Without a single alteration, write the listing out again.
##### Provided records
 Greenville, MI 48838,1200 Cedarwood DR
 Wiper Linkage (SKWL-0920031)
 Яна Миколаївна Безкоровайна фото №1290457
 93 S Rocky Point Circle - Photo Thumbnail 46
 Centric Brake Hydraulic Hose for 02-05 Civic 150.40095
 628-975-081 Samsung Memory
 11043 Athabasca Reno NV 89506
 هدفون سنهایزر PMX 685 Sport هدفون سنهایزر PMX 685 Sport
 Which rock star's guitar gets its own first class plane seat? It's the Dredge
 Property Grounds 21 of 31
##########
» Problem solution:
 Greenville, MI 48838,1200 Cedarwood DR
 Wiper Linkage (SKWL-0920031)
 Яна Миколаївна Безкоровайна фото №1290457
 93 S Rocky Point Circle - Photo Thumbnail 46
 Centric Brake Hydraulic Hose for 02-05 Civic 150.40095
 628-975-081 Samsung Memory
 11043 Athabasca Reno NV 89506
 هدفون سنهایزر PMX 685 Sport هدفون سنهایزر PMX 685 Sport
 Which rock star's guitar gets its own first class plane seat? It's the Dredge
 Property Grounds 21 of 31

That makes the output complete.